In our movement, with its extensive scope, the broad array of its demanding programs, and our determination to bring into being an understanding of our principles in all segments of our society, we inevitably encounter complexity. However, some principles of our movement remain straightforward. If we are to create the plan to make of our organization what we want it to be, we must have faith in each other. We must know that we can and will find the determination to change the negative factors that face us. We must know that we can muster the fortitude to believe even when challenged. We must know in the depths of our souls that Federation members are willing to share the burden and to give all that is necessary to make our future our own. I know from the innermost part of me that I trust this Convention. We will not fail. We will not permit doubt to deter us from our purpose. I know you, and I have faith. We will prevail.
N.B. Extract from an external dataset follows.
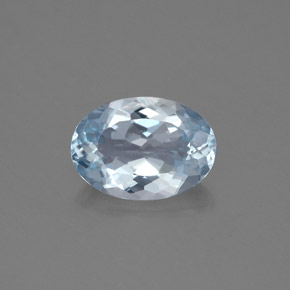 Aigue-marine bleue naturelle coupe ovale, 1,32 ct, SI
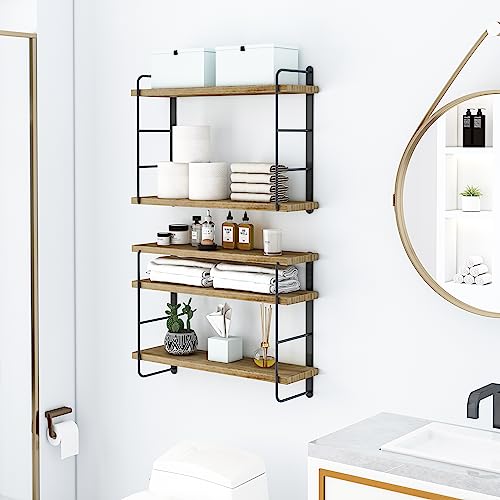 MXCSE Wall Shelves, Wall Mounted Bookshelves, DIY Floating Shelves for Wall, Wood Hanging Book Shelves for Room, Bedroom, Living Room, Easy Installation (Wooden, 50W x 17H) - color: Wooden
I have had the honor of serving as your President for four terms, and it continues to be the greatest privilege, challenge, and joy of my life. At every moment, I have given to you, our members, all my best effort. I strive to reflect all of the high expectations that you demand of our leaders and to make each of you proud. The members of this movement—my chosen community of friends—will always have my deepest gratitude for the effect that you have on making me better and on making the changes that will ensure a brighter future for my own family. The decision as to whether I continue to serve you in this capacity is entirely yours. I am prepared to rise to your high expectations and represent you in all that we do together, if that is your choice. I will never ask of you anything that I am not completely willing to do myself. This movement will continue to have the best of my efforts regardless of where you want me to serve. This is the blind people’s movement, and you found me when I did not even recognize I was a blind person. First and foremost, I am a member in this movement; and my commitment will always be to link arms with you, share the bond of faith that brings us together, and march confidently in the direction that this Convention builds for our future. This is my commitment to working together for a brighter tomorrow.
My Federation family, this is my report for 2022. This is our progress in coming back together again. This is our bond as the blind people’s movement. This is the future we build with love, hope, and determination, by transforming dreams into reality.